DATA PROVIDED >>
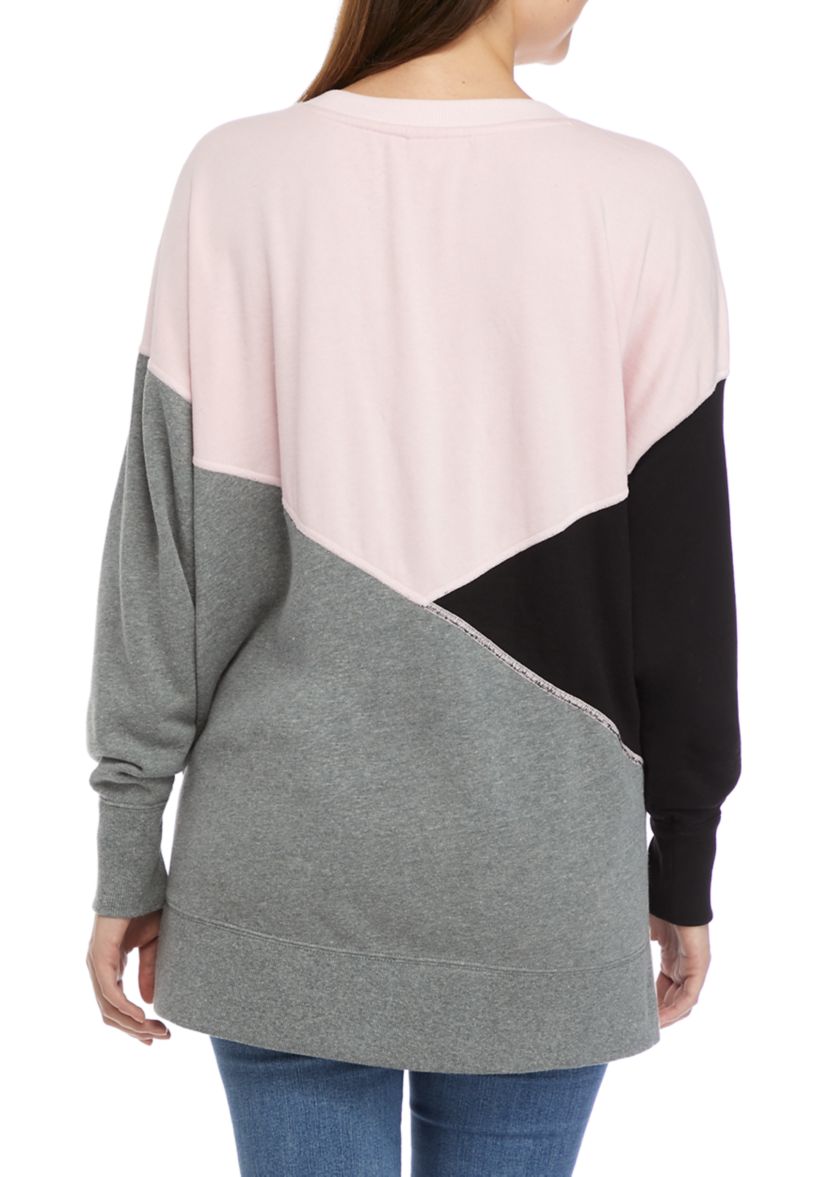 Womens Long Sleeve Color Block Sweater 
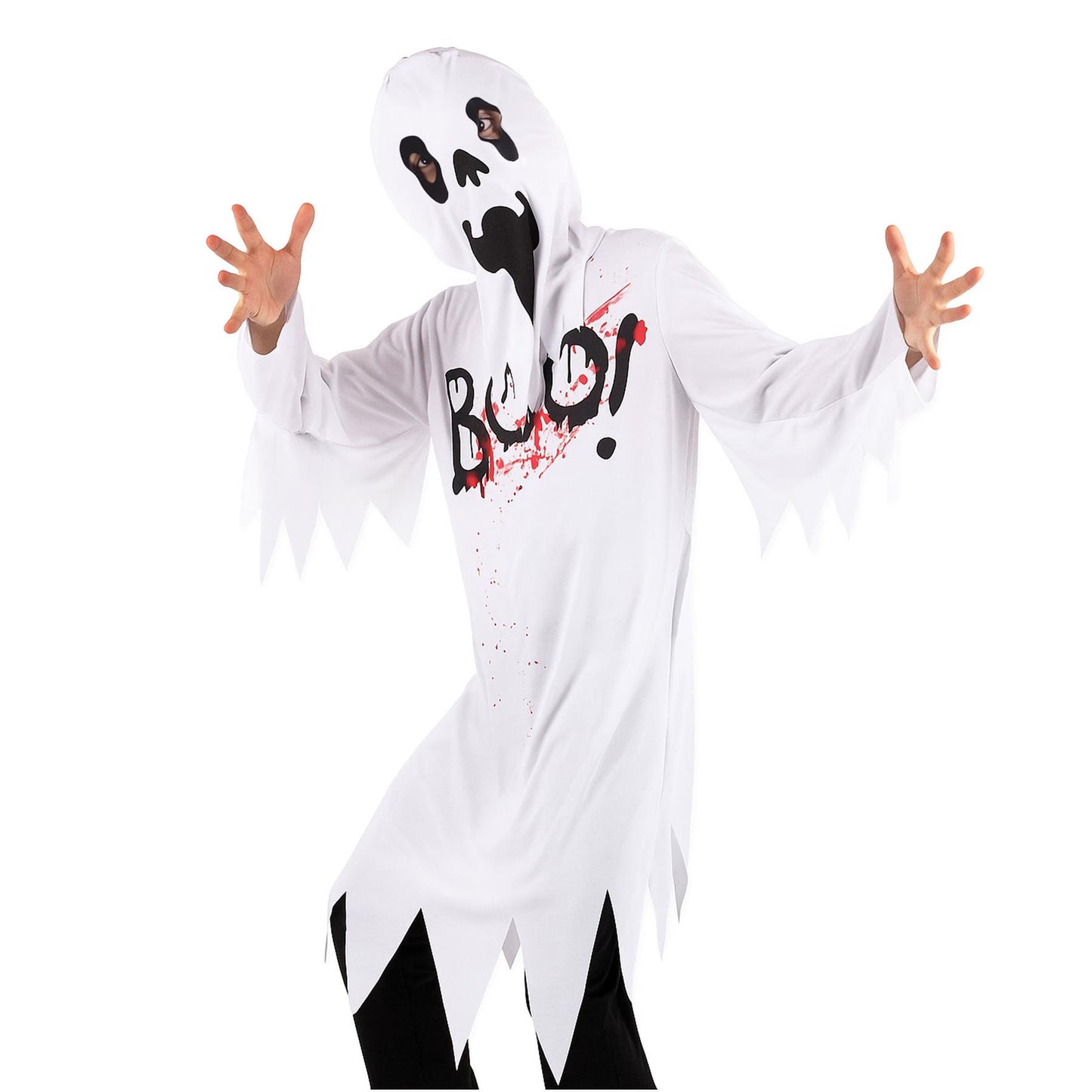 Kids Girls Boys Top BOO Printed Halloween Spooky Ghost Costume Scary White Top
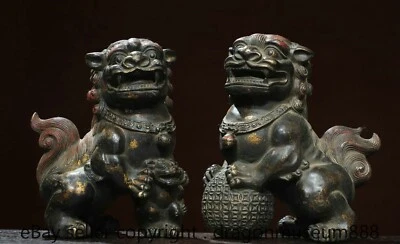 Par de estatua de león guardián perro foo fu fengshui dorado cobre chino antiguo de 8" Foto 1 de 4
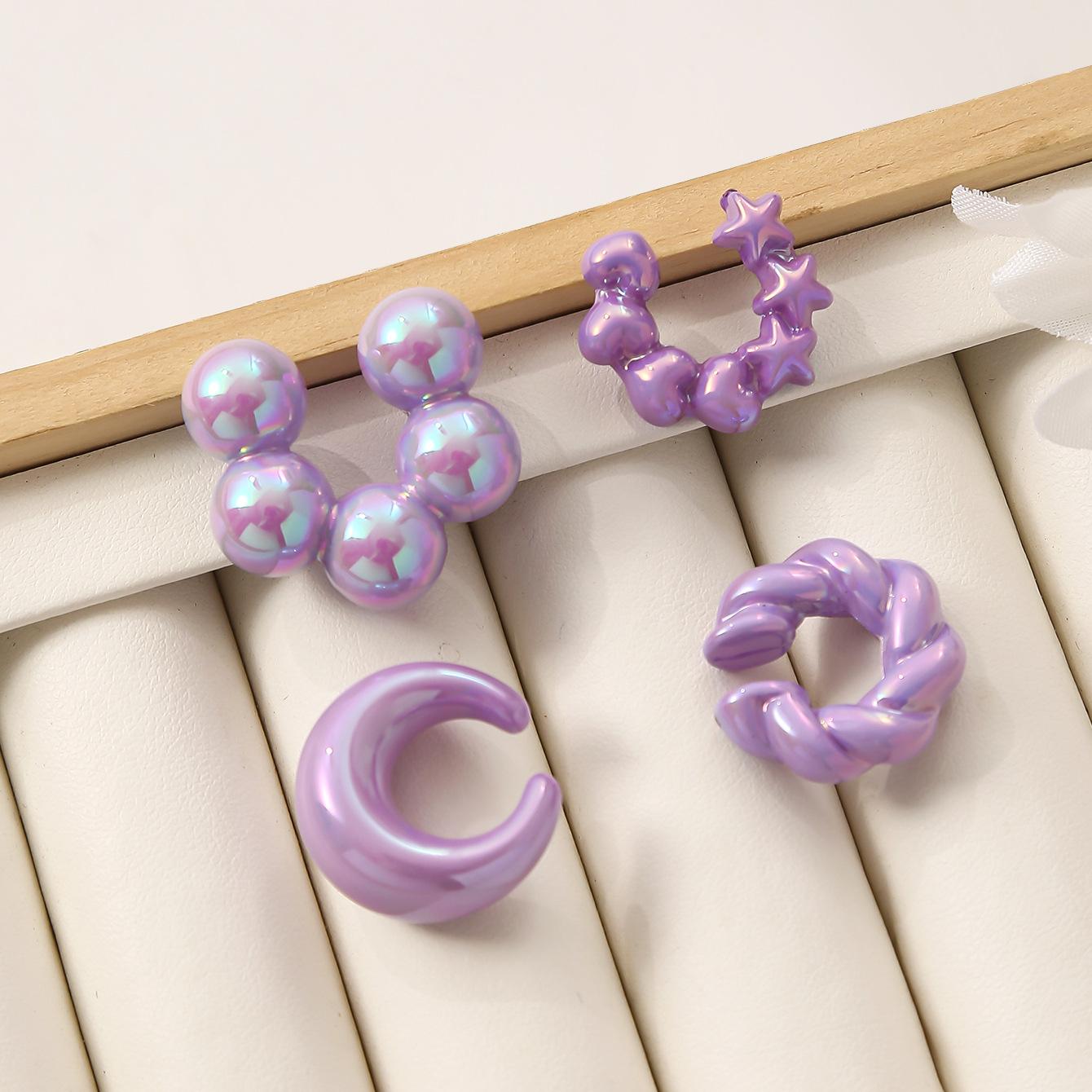 

Y2K 4pcs C-shape Resin Ear Clips for Women Girls Without Ear Holes Ear Bone Clips Colorful Simple High-end Earring Set Zircon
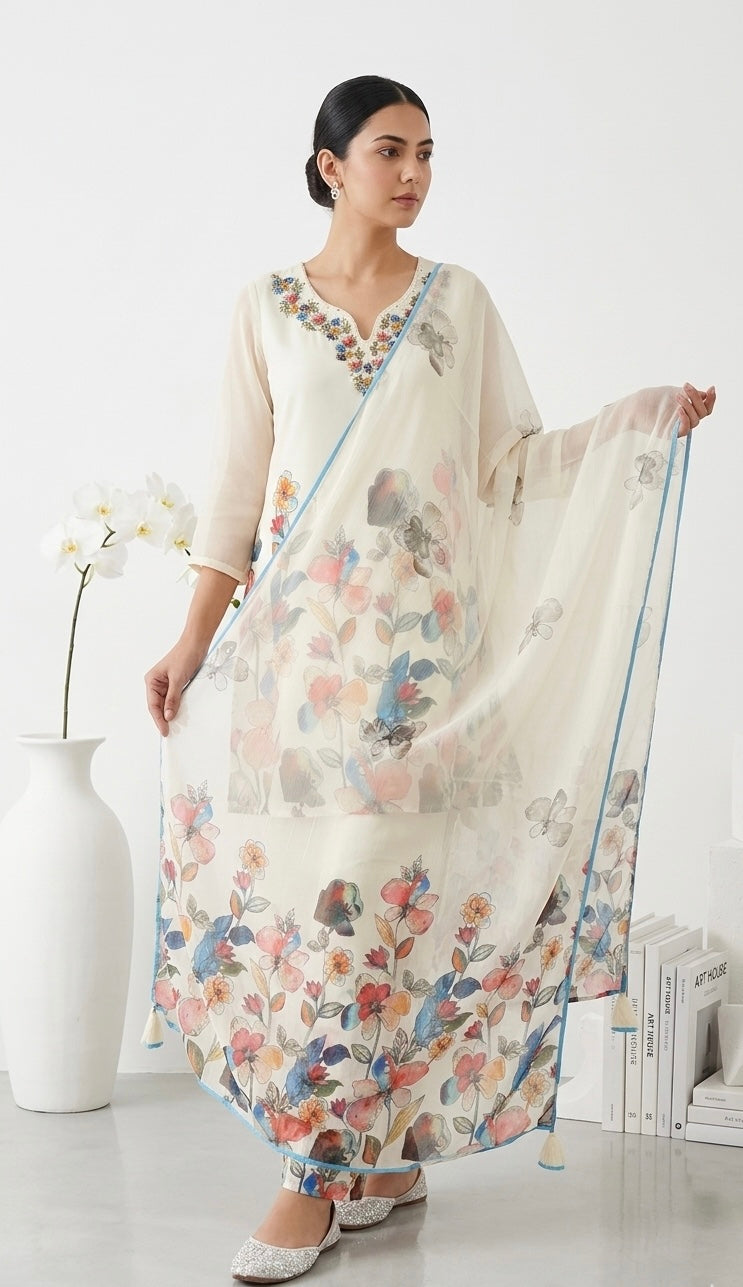 Ethereal Garden Ivory Floral  Set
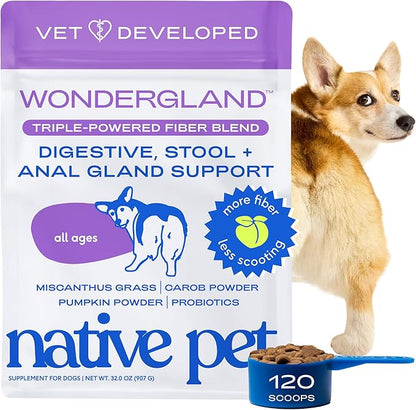 Native Pet WonderGland - Dog Anal Gland Supplement - Promotes Firm Stools, Natural Gland Expression to Help Reduce Scooting - Fiber Food Topper with Miscanthus Grass, Pumpkin & Probiotics -120 Scoops
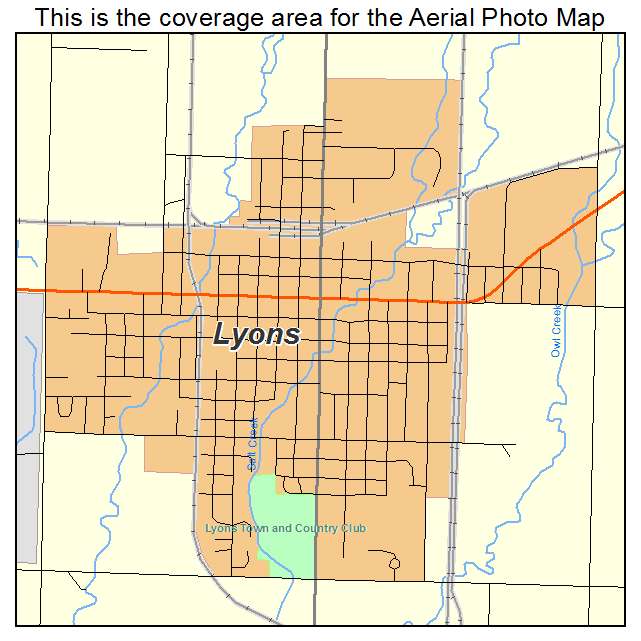 Lyons, KS location map 
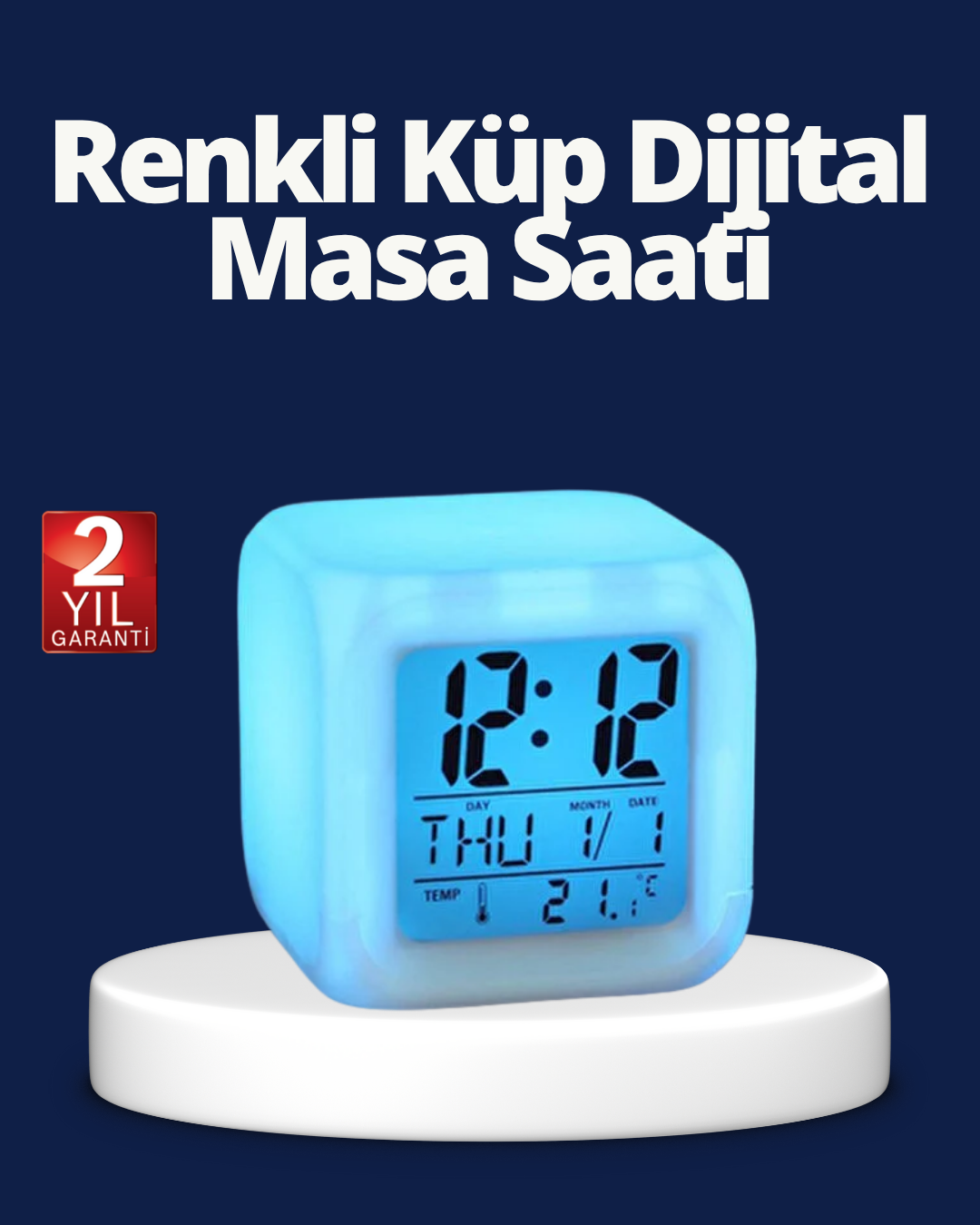 Renk Değiştiren LED Alarmlı Dijital Küp Masa Saati - Bayi Depom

WORK INSTRUCTIONS >> Copy nothing but the lines above from the one with "Kids Girls Boys" through the end of the material, word for word, and drop the pictures.

OUTPUT FOR THIS TASK >>
 Kids Girls Boys Top BOO Printed Halloween Spooky Ghost Costume Scary White Top
 Par de estatua de león guardián perro foo fu fengshui dorado cobre chino antiguo de 8" Foto 1 de 4

Y2K 4pcs C-shape Resin Ear Clips for Women Girls Without Ear Holes Ear Bone Clips Colorful Simple High-end Earring Set Zircon
 Ethereal Garden Ivory Floral  Set
 Native Pet WonderGland - Dog Anal Gland Supplement - Promotes Firm Stools, Natural Gland Expression to Help Reduce Scooting - Fiber Food Topper with Miscanthus Grass, Pumpkin & Probiotics -120 Scoops
 Lyons, KS location map 
 Renk Değiştiren LED Alarmlı Dijital Küp Masa Saati - Bayi Depom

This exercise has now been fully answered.